I'm going to attempt to find out what is wrong by ... you guessed it ... taking it apart . I know nothing about this tractor except what I've read in the owners manual and a little research on the internet, but that won't stop me.

If anyone has suggestions, I'd certainly like to hear them. I'll keep this thread updated as I progress through the project. My goal is to just get the tractor functional and operational. I'll learn as I go and from my fellow tractorforum.com members. Should be fun.


----------



## DForal (Jun 30, 2011)

Progress Report: I have removed all the clutch components (they look fine to me) up to the pulley back-face. I have confirmed that the pulley is fixed to the crankshaft; turning the pulley by hand turns the engine and I can see through the brake fork bearing block that I removed that the 1st reduction gear is also turning. In looking at the parts diagram, looks like there is a bearing and bushing that supports the pulley; one or both of those must be frozen/rusted/crushed/?? I'm guessing rusted based on the condition of the fork hardware (lots of rust - see picture). I also included a picture looking in where the fork goes.

I'm not sure how I'm going to get the pulley off the shaft; I was thinking of using the Adjusting Disc as a puller; any thoughts on that? I wish I had a torch; I suspect that applying a good amount of heat would loosen it up.
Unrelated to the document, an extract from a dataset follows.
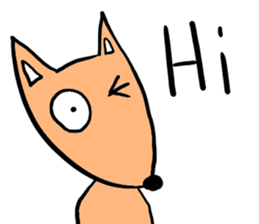Orange Fox sticker #7019152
One other problem; even if I do get the pulley loose; there is not enough clearance between the pulley and the rear tire. So... I need to move the right rear tire out at least 4 inches. I'm trying to jury-rig a set-up to pull the tire (see attached picture) and realize that most of my force is compressing the wheel (thrust force = sine of the angle); again, any suggestions from anyone that has done this before would be appreciated. There are some slots in the wheel that look like they could be used with some sort of puller, but I don't have any bolts long enough (would need > 12" long bolts). I did get the clamp off and I squirted a bunch of PB Blaster in there to try and loosen it up. My initial pull using the jack was unsuccessful; I'll let the PB Blaster work overnight and try again tomorrow. 

BTW, I'm having fun  Dave


----------



## ErnieS (Jun 1, 2011)

You don't need long bolts. You need threaded rod, sometimes called all thread. You can pick up a fout foot long piece at a hardware or Tractor Supply. Grab yourself some nuts, and you're good to go. The set up you have with the jack won'y work well at all. With the angle of the chain, one ton on the jack will only result in 4 or 500 pounds at the hub. A puller using 3 pieces if 1/2" all thread will give you about 150,000 pounds and have the advantage of pulling in a straight line and not bind up your hub.


----------



## ErnieS (Jun 1, 2011)

A close up of the hub would help. I have another idea.


----------



## ErnieS (Jun 1, 2011)

Found this link. I think it's exactly what you need!


----------



## DForal (Jun 30, 2011)

Ernie, thanks for the suggestions and link. I knew what I was doing had little chance of working due to the angle of the chain, but had no other options available at the time. I'll get some all thread and pull that wheel off in no time! Thanks again. Dave


----------



## ErnieS (Jun 1, 2011)

If it doesn't start moving right away with the puller set up, you might try a tapered drift in the 3 slots in the hub. That should spread them enough to break the rust bond.


----------



## DForal (Jun 30, 2011)

Thanks Ernie, I used a pry bar of mine in the slots attempting to break the hub free. I also tap on the hub housing with a hammer; again in an attempt to break the rust. And thanks again for the link to wheel removal.


----------



## ErnieS (Jun 1, 2011)

We all need a fresh perspective at times. It's gratifying to give back.


----------



## DForal (Jun 30, 2011)

Yesterday, I stopped by the John Deere dealer to pick up some maintenance parts for my JD 790 and went into the back and asked the repair guys about my problem with the stuck pulley. I have to say there was not much first hand knowledge (not surprising for a 1950 tractor!). He did say that he would not pull on the operating bolts and I have to agree that it would be very risky. He didn't have a suggestion on how to get the pulley off.

I think my options are:

1. Use the operating bolts to pull; I suspect this will work only if a small amount of force is needed.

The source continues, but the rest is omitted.